When you collaborate, you are working together to help each other get what is most important to you. The other upside to negotiating with a sense of teamwork and collaboration is that it helps create a sense of trust, which, in turn, helps provide positive energy for working to a successful conclusion.

5. Problem Solving

Problem-solving is another key negotiation skill. When you are working with the other person to get the deal done many times you’ll face new challenges along the way.

Maybe you want a new vendor to provide training on the software they are selling you but they say it’s going to cost an additional $20,000 to provide this service. If you don’t have the additional $20,000 in the budget to spend on the software but you feel the training is critical, how are you going to solve that problem?

From what I’ve seen, most vendors aren’t willing to provide additional services without getting paid for them. This is where problem-solving skills will help continue the discussions. You might suggest to the vendor that your company will also be looking to replace their financial software next year, and you’d be happy to ensure they get one of the first seats at the table when the time comes if they could perhaps lower the pricing on their training.

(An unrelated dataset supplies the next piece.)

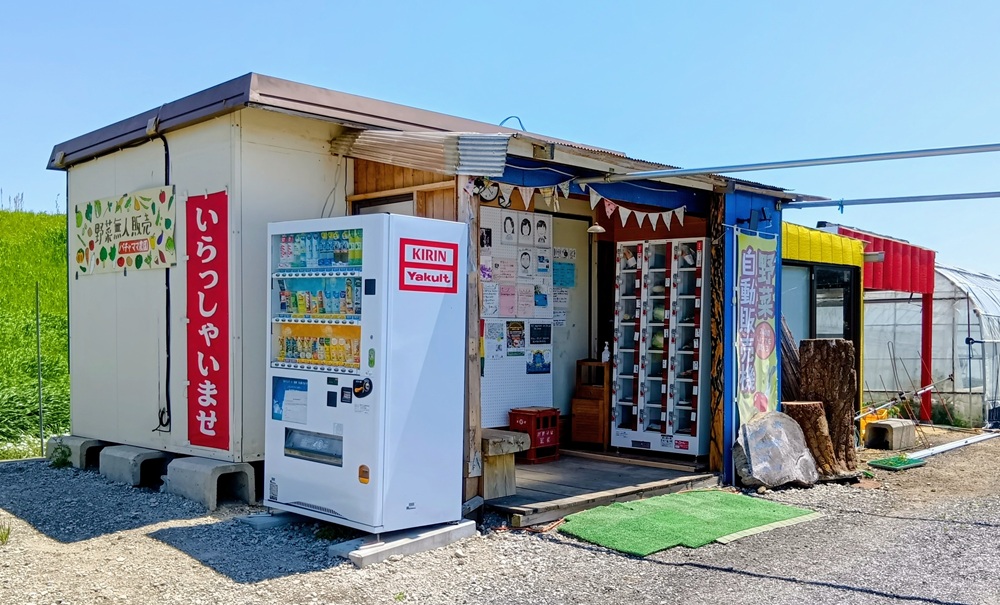 大形橋のたもとにある無人直売所。季節によって営業時間が変わります。（営業時間はインスタグラムで確認してください）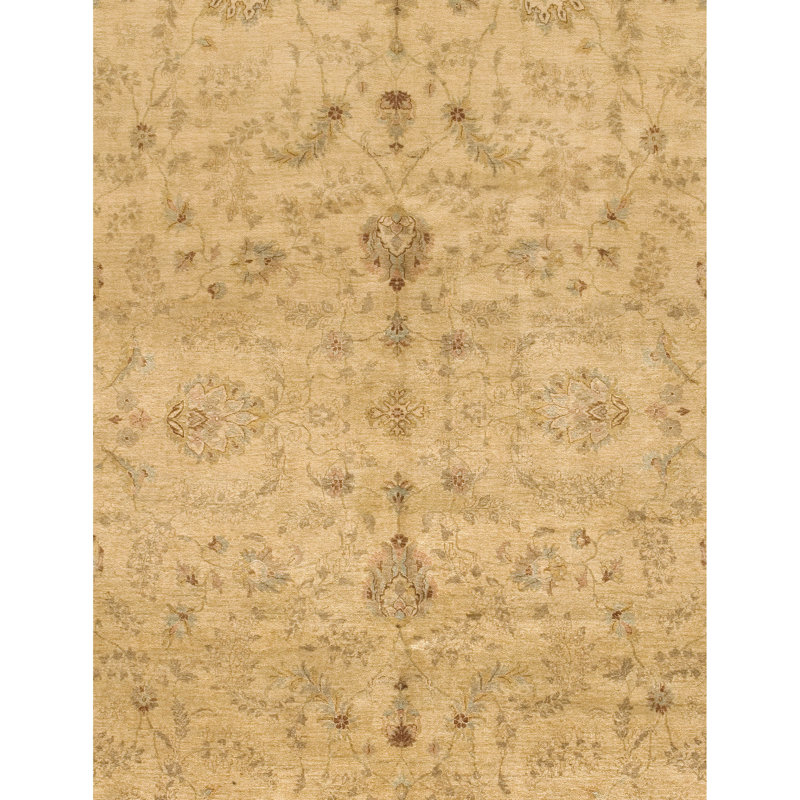 Wool Oriental Area Rug in Camel/Light Green, Rectangle 15' x 20'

There’s a solution to most challenges, but it takes problem-solving skills to work through them effectively.

6. Decision-Making Ability

Finally, having strong decision-making ability will help you seal the deal when you get to a place where everyone feels like they are getting what works for them. Each step of the way you can cross off the list when you get what you are looking for and decide to move onto the next item. Then, once you have all of your must-have boxes checked and the other side feels good about things, it’s time to shake hands and sign on the dotted line. Powerful decision-making ability will help you get to the finish line together.

Conclusion

There you have it, 6 effective negotiation skills to master to lead a more fulfilling life. Once we realize that we negotiate in one form or another almost every day in every phase of our lives, we realize how critical a skill it is.

Possessing strong negotiation skills will help you in nearly every one of your relationships at both the workplace and in your personal life. If you feel your arbitration tools could use some sharpening, try some of the 6 effective negotiation skills to master that we’ve talked about.